Guests are also pleasantly surprised when they meet Gladys playing "Mother Goose" at the annual community baby shower for the Wildlife Rehabilitation Center of Northern Utah, says executive director DaLyn Erickson-Marthaler.
"She's a very sweet goose. A lot of geese can be a little bit temperamental and sort of testy about things," Erickson-Marthaler says.
She adds, "Just seeing a goose walk on a leash is kind of a novel thing to see; you don't see that every day."
A little spoiled?
Erickson-Marthaler, who sometimes "bird-sits" when the Westcotts take goose-less vacations, says Gladys is probably the "most-pampered goose in Ogden."
"She likes things done her way; she's cute and she knows it," the director says.
Gladys, for instance, has her own cat bed for sleepovers at the wildlife center and a tennis shoe she likes to sleep with. And she is very aware that there are treats packed in her diaper bag.
"If you don't give her the treat, she is obviously offended -- she sulks," Erickson-Marthaler says.
Diane Westcott says she has thought about certifying Gladys as a therapy animal so the bird could cheer up people in hospitals or nursing homes. The goose was always great with children when Diane used to substitute teach and took her to visit special education classes.
One little girl "would hug her and stroke her and Gladys would just let her do anything she wanted," Diane says.
Some day -- who knows? -- you might even read about Gladys on the pages of a best-selling book. Diane says she has chronicled the bird's real-life escapades in what could be titled, "The Adventures of Gladys the Goose," and hopes to find a publisher.
As a pet, Gladys is more like a cat than a dog, Kevin says. She doesn't play fetch or know any tricks, and she may or may not come when you call her name.

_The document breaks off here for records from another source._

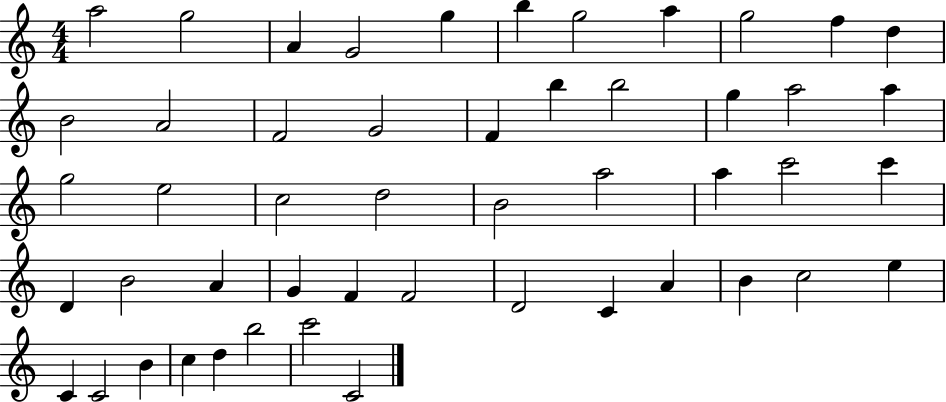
X:1
T:Untitled
M:4/4
L:1/4
K:C
a2 g2 A G2 g b g2 a g2 f d B2 A2 F2 G2 F b b2 g a2 a g2 e2 c2 d2 B2 a2 a c'2 c' D B2 A G F F2 D2 C A B c2 e C C2 B c d b2 c'2 C2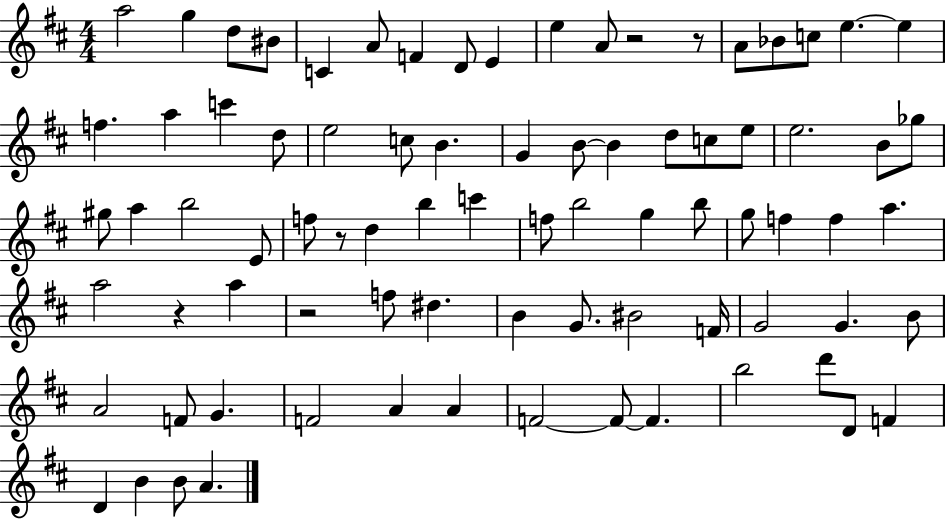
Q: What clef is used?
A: treble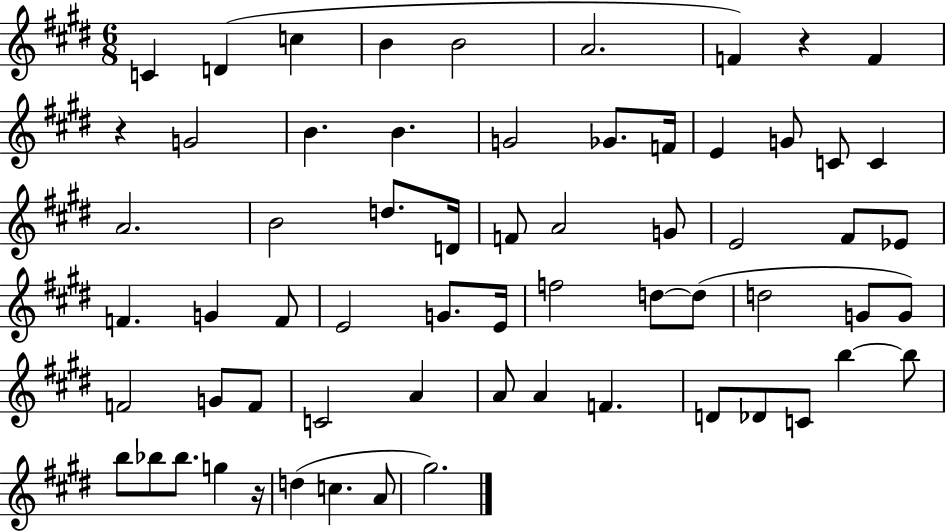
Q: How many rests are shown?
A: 3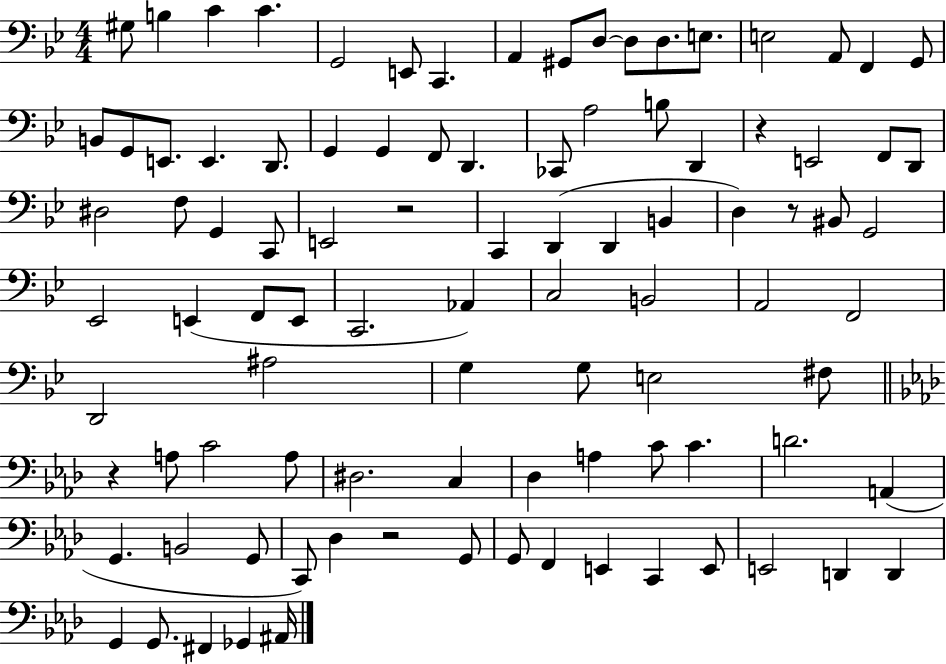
G#3/e B3/q C4/q C4/q. G2/h E2/e C2/q. A2/q G#2/e D3/e D3/e D3/e. E3/e. E3/h A2/e F2/q G2/e B2/e G2/e E2/e. E2/q. D2/e. G2/q G2/q F2/e D2/q. CES2/e A3/h B3/e D2/q R/q E2/h F2/e D2/e D#3/h F3/e G2/q C2/e E2/h R/h C2/q D2/q D2/q B2/q D3/q R/e BIS2/e G2/h Eb2/h E2/q F2/e E2/e C2/h. Ab2/q C3/h B2/h A2/h F2/h D2/h A#3/h G3/q G3/e E3/h F#3/e R/q A3/e C4/h A3/e D#3/h. C3/q Db3/q A3/q C4/e C4/q. D4/h. A2/q G2/q. B2/h G2/e C2/e Db3/q R/h G2/e G2/e F2/q E2/q C2/q E2/e E2/h D2/q D2/q G2/q G2/e. F#2/q Gb2/q A#2/s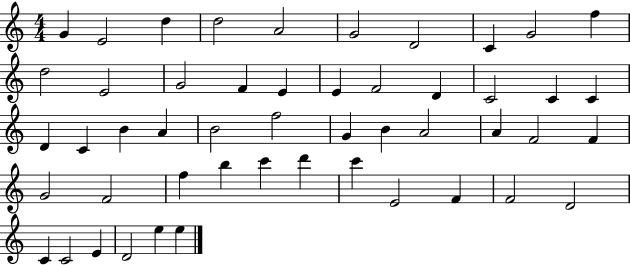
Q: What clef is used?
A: treble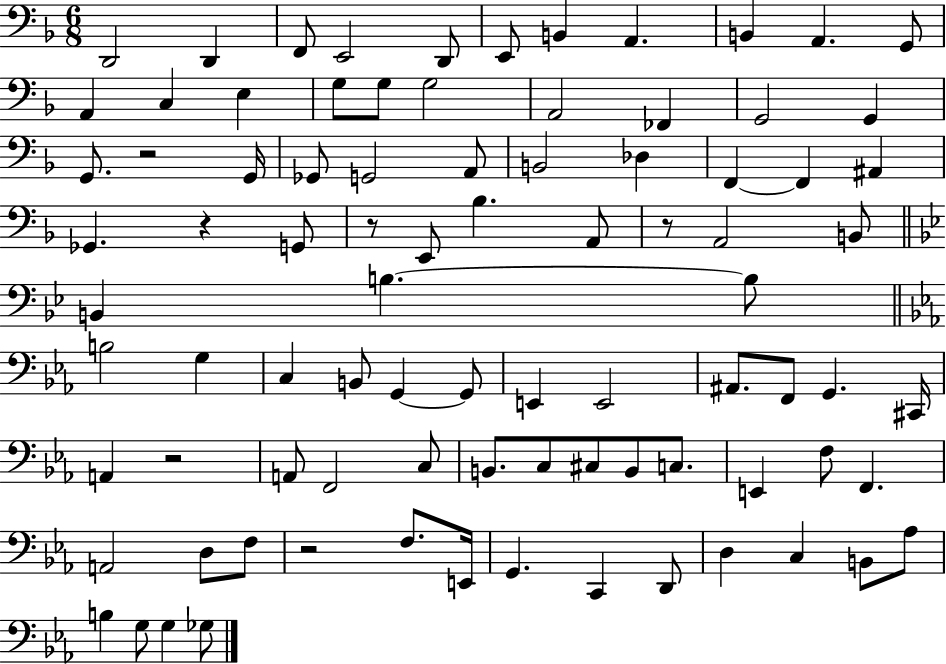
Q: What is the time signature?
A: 6/8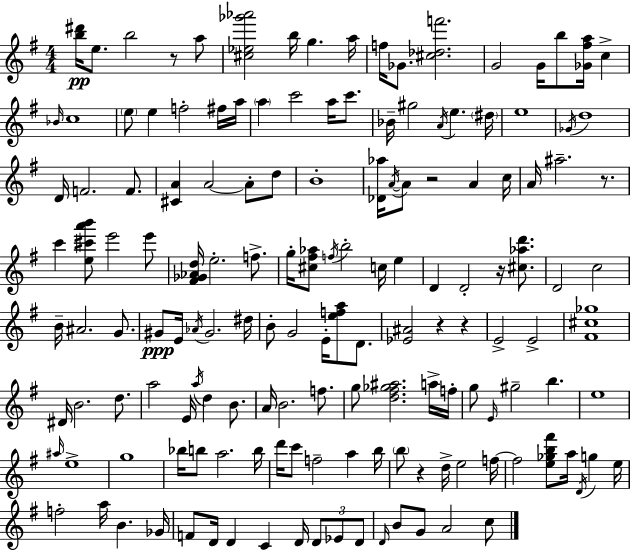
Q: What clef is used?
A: treble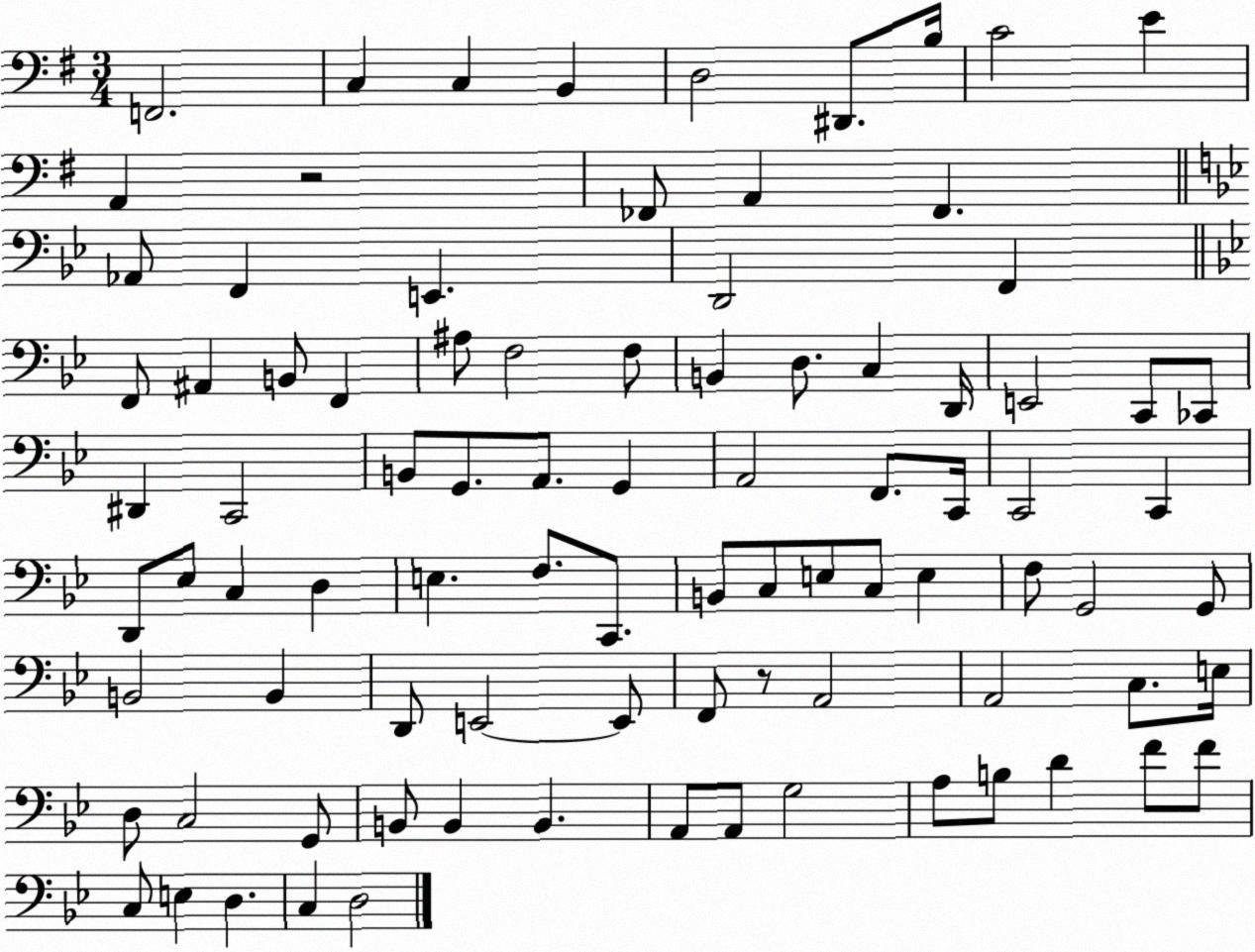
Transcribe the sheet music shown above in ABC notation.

X:1
T:Untitled
M:3/4
L:1/4
K:G
F,,2 C, C, B,, D,2 ^D,,/2 B,/4 C2 E A,, z2 _F,,/2 A,, _F,, _A,,/2 F,, E,, D,,2 F,, F,,/2 ^A,, B,,/2 F,, ^A,/2 F,2 F,/2 B,, D,/2 C, D,,/4 E,,2 C,,/2 _C,,/2 ^D,, C,,2 B,,/2 G,,/2 A,,/2 G,, A,,2 F,,/2 C,,/4 C,,2 C,, D,,/2 _E,/2 C, D, E, F,/2 C,,/2 B,,/2 C,/2 E,/2 C,/2 E, F,/2 G,,2 G,,/2 B,,2 B,, D,,/2 E,,2 E,,/2 F,,/2 z/2 A,,2 A,,2 C,/2 E,/4 D,/2 C,2 G,,/2 B,,/2 B,, B,, A,,/2 A,,/2 G,2 A,/2 B,/2 D F/2 F/2 C,/2 E, D, C, D,2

But she will come a-waddling across the room at the sound of Diane shaking a resealable plastic bag filled with dry cat food kibbles.
"Gladys, do you want goose treats?" the goosemama calls, and the bird dives right into Diane's hands to gobble up the goodies.
The Westcotts enjoy the novelty of a pet like Miss Gladys.
"We like to be a little bit different," says Kevin, known for carrying on honking "conversations" with his goose.
And Diane -- holding Gladys on her lap and petting her at her Liberty home -- admits she just kind of melts when the goose looks at her with those big blue eyes.
"She brings a lot of joy to people," this goosemama says. "She brings a calming effect ... she brings that uniqueness."